My Life at the Movies
By Thomas Palakeel

painting by Tom Hughes 

My research in old newspapers helped me graduate into American magazines. This was a time my brother George came up with a promotional idea at the store. To compete with his rivals during the school season, he gave away free book wrappers to students: a couple of sheets torn out of old copies of Time and Look. Students prided themselves about wrapping their books in the famed "American Magazine." Tired of wrapping their notebooks with boring newspaper sheets, students started to make their first fashion statements by slick wrappers showing advertisements for toasters and macroni and cheese, which all seemed infinitely delicious. And these colorful, slick wrappers also offered me hints of some brave new world out there so far away from Thidanad.

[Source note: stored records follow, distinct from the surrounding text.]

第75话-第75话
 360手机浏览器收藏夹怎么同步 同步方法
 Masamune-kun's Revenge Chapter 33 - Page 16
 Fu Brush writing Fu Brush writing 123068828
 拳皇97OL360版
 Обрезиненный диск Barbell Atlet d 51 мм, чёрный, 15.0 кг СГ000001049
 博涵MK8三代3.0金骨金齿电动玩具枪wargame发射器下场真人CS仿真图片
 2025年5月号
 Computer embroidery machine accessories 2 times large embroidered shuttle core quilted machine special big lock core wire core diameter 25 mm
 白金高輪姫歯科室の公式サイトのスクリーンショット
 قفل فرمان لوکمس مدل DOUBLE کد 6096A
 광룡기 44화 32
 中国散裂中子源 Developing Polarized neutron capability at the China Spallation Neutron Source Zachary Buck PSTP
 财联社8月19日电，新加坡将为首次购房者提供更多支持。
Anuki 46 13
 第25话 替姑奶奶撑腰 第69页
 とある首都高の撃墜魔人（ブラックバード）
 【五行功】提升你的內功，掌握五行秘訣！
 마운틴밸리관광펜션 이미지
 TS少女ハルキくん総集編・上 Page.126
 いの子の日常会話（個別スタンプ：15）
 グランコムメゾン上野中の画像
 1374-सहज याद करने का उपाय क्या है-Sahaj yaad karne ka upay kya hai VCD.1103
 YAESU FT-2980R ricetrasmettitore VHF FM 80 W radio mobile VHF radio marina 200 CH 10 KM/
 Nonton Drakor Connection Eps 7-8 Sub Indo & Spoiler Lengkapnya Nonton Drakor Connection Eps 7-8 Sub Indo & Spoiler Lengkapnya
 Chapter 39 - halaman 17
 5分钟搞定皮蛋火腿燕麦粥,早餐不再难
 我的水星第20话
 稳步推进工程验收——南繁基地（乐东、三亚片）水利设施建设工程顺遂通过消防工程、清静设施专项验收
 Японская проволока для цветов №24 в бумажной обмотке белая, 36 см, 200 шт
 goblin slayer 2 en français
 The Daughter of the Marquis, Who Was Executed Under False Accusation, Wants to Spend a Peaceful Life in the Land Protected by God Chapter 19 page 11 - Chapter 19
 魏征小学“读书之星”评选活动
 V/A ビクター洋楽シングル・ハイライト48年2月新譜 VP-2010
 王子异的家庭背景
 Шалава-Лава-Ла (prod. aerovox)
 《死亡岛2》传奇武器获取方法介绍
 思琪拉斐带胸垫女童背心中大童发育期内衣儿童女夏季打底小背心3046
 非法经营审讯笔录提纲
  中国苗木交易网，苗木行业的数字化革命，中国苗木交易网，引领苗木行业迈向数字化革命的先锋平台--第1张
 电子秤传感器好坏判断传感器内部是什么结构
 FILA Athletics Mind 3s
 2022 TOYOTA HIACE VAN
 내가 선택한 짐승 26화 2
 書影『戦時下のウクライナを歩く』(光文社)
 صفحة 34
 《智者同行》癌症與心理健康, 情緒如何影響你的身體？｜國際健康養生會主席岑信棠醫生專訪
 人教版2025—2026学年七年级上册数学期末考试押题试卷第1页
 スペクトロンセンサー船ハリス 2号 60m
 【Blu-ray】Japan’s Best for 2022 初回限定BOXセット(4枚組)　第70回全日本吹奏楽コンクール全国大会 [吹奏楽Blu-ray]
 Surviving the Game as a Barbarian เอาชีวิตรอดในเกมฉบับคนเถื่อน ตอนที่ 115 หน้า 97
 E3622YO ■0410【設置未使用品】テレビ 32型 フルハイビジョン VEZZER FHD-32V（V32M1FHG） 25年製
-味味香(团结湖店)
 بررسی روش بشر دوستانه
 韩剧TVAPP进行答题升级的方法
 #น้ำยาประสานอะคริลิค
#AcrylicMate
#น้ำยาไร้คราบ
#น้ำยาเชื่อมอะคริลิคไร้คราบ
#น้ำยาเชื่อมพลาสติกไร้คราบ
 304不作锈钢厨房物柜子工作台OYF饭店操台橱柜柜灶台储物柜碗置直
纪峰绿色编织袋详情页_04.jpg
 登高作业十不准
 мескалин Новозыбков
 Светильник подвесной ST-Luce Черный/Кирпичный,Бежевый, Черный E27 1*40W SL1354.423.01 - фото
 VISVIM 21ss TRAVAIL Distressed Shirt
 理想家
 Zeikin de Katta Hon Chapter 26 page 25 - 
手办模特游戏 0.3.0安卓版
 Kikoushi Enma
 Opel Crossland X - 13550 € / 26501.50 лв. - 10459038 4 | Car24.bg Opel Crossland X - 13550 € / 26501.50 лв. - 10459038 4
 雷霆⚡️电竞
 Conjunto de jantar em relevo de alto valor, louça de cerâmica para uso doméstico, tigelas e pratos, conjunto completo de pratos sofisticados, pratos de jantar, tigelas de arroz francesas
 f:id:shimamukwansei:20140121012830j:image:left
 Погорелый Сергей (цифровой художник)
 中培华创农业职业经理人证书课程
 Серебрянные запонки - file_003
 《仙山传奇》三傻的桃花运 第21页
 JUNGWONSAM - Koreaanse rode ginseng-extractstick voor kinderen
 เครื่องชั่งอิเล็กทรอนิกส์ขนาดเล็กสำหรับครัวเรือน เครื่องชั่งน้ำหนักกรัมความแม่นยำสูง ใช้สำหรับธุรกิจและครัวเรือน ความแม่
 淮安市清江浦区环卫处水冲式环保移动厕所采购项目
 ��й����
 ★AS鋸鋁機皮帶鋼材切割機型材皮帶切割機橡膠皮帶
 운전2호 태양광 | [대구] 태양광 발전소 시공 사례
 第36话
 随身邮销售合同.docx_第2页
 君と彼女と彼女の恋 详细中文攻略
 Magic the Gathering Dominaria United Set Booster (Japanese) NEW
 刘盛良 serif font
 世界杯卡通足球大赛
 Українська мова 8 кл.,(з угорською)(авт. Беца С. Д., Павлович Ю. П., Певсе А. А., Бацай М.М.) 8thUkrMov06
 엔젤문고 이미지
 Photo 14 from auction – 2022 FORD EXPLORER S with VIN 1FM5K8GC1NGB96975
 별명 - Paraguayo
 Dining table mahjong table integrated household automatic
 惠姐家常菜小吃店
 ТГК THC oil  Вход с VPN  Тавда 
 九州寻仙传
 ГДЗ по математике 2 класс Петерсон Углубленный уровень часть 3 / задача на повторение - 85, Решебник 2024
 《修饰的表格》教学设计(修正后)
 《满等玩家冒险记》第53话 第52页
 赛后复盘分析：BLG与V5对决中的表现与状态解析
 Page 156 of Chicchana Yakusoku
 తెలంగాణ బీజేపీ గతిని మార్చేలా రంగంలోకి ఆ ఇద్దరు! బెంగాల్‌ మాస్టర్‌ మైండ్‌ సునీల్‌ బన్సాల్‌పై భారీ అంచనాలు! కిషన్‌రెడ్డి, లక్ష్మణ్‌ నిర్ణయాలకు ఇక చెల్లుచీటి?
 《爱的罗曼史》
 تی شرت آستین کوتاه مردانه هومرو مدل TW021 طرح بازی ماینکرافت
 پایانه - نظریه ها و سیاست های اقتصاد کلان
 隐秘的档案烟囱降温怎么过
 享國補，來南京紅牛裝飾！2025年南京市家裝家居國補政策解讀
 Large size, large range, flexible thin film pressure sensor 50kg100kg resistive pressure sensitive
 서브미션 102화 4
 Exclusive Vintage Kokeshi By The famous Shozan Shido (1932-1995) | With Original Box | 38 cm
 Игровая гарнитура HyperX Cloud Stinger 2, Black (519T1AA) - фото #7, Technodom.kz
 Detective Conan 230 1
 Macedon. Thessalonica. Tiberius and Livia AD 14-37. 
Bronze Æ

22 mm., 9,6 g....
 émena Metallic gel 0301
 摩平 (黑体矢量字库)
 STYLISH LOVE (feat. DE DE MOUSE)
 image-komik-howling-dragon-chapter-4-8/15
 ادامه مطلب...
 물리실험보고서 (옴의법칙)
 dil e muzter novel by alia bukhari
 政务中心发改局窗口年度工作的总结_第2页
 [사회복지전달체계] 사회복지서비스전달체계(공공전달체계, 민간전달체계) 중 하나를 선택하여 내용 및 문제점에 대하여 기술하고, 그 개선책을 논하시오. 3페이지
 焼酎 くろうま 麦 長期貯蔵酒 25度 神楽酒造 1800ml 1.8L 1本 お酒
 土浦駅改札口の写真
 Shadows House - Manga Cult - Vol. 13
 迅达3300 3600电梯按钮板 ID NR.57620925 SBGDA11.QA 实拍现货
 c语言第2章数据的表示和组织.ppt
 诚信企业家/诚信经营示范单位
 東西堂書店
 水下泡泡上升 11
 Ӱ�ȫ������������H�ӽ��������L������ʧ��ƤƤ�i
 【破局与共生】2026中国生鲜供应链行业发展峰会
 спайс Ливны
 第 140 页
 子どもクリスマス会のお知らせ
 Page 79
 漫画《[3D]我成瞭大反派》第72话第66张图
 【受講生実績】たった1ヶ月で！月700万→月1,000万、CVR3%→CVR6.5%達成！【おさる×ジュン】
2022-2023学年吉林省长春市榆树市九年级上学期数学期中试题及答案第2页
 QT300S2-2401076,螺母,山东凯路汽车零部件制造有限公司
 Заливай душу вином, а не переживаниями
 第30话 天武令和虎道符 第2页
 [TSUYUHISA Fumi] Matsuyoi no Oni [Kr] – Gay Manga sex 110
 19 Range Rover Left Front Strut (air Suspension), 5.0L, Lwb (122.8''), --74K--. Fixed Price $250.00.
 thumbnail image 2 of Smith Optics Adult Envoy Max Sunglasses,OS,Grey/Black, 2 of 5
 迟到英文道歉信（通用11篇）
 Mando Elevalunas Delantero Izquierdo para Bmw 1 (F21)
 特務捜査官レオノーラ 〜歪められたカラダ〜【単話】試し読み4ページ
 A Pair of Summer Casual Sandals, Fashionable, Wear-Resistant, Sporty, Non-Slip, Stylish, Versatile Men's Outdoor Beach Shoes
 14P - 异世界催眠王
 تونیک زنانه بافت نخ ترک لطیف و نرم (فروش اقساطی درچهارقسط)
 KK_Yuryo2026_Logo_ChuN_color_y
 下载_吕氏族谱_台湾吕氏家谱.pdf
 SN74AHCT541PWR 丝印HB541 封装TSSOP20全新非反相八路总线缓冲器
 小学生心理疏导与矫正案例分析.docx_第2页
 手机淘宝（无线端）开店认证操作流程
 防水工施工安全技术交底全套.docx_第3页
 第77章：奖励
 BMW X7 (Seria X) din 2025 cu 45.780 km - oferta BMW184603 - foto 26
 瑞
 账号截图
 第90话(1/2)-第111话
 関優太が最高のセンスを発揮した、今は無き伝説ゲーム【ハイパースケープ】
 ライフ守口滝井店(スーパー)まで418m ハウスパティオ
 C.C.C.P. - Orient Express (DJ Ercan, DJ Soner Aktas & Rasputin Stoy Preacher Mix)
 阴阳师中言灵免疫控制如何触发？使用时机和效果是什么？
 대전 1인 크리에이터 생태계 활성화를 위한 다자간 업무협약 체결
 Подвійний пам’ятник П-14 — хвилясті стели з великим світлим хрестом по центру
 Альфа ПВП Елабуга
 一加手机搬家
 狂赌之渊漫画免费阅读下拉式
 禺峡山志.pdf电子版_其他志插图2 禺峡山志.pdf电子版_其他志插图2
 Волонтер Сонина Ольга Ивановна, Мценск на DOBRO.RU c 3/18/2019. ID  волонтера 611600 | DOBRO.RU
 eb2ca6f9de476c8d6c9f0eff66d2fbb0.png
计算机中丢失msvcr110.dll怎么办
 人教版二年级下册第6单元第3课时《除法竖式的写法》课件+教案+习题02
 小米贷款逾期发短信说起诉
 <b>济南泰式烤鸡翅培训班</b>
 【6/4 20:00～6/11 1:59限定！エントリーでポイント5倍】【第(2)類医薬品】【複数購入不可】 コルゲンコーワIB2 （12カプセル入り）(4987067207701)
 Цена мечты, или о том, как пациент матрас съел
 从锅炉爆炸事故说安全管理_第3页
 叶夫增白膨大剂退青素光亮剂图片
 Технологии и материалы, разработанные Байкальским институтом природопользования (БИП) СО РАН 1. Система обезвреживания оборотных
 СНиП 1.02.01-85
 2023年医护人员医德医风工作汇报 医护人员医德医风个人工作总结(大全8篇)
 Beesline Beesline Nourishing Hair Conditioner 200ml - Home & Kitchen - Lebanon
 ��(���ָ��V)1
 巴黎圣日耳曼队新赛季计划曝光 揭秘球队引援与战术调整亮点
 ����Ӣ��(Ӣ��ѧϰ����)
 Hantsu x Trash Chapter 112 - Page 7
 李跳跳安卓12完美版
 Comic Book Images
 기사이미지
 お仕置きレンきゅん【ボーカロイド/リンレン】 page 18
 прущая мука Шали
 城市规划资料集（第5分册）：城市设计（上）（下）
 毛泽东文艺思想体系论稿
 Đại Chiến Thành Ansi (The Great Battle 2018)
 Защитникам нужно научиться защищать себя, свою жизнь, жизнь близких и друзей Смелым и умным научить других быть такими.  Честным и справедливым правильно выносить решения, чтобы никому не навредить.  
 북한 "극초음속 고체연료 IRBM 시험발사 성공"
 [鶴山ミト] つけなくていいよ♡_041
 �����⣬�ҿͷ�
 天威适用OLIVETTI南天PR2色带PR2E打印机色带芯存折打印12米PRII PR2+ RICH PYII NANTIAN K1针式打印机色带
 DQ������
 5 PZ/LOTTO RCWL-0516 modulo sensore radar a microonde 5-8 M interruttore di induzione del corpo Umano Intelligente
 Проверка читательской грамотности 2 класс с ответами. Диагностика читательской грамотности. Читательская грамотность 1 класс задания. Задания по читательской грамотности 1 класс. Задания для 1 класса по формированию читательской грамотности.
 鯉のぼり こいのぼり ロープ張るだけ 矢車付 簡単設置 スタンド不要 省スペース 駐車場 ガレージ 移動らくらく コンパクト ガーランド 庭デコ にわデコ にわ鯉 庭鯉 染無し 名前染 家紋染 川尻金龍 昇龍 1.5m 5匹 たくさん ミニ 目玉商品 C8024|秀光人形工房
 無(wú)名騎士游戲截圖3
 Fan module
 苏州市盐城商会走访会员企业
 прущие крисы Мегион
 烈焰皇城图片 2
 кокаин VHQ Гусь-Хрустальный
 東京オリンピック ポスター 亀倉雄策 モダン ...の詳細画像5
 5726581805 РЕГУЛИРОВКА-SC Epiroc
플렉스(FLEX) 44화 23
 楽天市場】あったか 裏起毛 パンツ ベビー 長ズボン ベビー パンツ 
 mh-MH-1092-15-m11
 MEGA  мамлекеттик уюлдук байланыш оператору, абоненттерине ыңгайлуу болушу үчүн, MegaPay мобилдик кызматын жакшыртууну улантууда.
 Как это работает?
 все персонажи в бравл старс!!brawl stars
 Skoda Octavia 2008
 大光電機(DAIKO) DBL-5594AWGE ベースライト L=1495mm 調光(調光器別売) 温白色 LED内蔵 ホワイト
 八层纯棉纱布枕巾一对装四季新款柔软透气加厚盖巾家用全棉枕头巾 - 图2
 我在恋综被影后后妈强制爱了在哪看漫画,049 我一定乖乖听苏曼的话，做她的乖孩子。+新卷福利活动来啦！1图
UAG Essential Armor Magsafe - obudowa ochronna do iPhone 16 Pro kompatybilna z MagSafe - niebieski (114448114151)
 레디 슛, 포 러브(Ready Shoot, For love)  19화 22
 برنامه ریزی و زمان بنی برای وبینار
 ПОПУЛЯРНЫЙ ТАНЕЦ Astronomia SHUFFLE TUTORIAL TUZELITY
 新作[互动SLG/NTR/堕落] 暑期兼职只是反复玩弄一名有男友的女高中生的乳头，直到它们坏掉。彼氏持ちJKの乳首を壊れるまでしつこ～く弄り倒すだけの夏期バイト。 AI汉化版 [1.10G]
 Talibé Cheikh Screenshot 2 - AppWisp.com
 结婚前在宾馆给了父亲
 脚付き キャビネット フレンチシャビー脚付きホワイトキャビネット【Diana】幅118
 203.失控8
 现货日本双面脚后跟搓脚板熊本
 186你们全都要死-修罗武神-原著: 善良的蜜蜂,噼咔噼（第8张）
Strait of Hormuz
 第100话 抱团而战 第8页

I smuggled out several copies of magazines inside my shirt and gradually built up a secret library under my bed: a dozen issues of Time, one copy of Life, one movie magazine with color pictures of Marilyn Monroe, Esther Williams, and Elizabeth Taylor, and there was another woman whose breasts were nicely visible. Though I could not read English, I understood the photographs: America, cars, Vietnam, Israel, Hollywood, Egypt, lands of war, famine, wealth, and of course, the mission to the moon. Next year, though my brother could not find a steady supply of old American Magazines, by yet another twist of the Cold War, almost every home had begun to subscribe to a new magazine: The Soviet Land, which I found absolutely uninteresting, staid, but I loved the smell of the Russain paper. Years later, when I started reading the great Russians, and eventually, came very late, to the films of Andrei Tarkovsky, I had this smell of Russian paper as an olfactory reference.